╭─ WORKING DATA
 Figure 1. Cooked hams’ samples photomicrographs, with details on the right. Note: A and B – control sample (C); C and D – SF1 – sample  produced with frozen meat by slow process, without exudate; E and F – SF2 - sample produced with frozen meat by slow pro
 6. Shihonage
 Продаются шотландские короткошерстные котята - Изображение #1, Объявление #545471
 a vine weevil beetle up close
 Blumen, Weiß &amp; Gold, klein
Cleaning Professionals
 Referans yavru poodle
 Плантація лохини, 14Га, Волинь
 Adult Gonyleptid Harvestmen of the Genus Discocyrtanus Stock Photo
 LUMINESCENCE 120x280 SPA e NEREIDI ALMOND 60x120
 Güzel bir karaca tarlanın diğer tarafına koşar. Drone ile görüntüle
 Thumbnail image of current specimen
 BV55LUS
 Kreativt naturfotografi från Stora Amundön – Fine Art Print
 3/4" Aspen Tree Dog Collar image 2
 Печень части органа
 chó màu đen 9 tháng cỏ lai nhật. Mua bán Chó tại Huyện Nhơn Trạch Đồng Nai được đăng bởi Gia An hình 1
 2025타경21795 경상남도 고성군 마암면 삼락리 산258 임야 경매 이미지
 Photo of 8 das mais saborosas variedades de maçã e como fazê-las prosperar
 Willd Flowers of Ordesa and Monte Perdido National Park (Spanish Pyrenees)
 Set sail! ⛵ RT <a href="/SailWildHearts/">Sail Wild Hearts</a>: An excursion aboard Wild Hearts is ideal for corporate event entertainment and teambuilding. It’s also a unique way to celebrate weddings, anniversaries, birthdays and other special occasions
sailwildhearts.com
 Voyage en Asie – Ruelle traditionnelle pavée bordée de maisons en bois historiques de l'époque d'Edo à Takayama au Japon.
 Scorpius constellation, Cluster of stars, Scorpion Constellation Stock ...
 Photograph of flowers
╰─
- REQUIREMENT
Provide an exact transcript of the lines from the one that holds "a vine weevil beetle up close" through the final line of the data above.

- EXERCISE RESULT
 a vine weevil beetle up close
 Blumen, Weiß &amp; Gold, klein
Cleaning Professionals
 Referans yavru poodle
 Плантація лохини, 14Га, Волинь
 Adult Gonyleptid Harvestmen of the Genus Discocyrtanus Stock Photo
 LUMINESCENCE 120x280 SPA e NEREIDI ALMOND 60x120
 Güzel bir karaca tarlanın diğer tarafına koşar. Drone ile görüntüle
 Thumbnail image of current specimen
 BV55LUS
 Kreativt naturfotografi från Stora Amundön – Fine Art Print
 3/4" Aspen Tree Dog Collar image 2
 Печень части органа
 chó màu đen 9 tháng cỏ lai nhật. Mua bán Chó tại Huyện Nhơn Trạch Đồng Nai được đăng bởi Gia An hình 1
 2025타경21795 경상남도 고성군 마암면 삼락리 산258 임야 경매 이미지
 Photo of 8 das mais saborosas variedades de maçã e como fazê-las prosperar
 Willd Flowers of Ordesa and Monte Perdido National Park (Spanish Pyrenees)
 Set sail! ⛵ RT <a href="/SailWildHearts/">Sail Wild Hearts</a>: An excursion aboard Wild Hearts is ideal for corporate event entertainment and teambuilding. It’s also a unique way to celebrate weddings, anniversaries, birthdays and other special occasions
sailwildhearts.com
 Voyage en Asie – Ruelle traditionnelle pavée bordée de maisons en bois historiques de l'époque d'Edo à Takayama au Japon.
 Scorpius constellation, Cluster of stars, Scorpion Constellation Stock ...
 Photograph of flowers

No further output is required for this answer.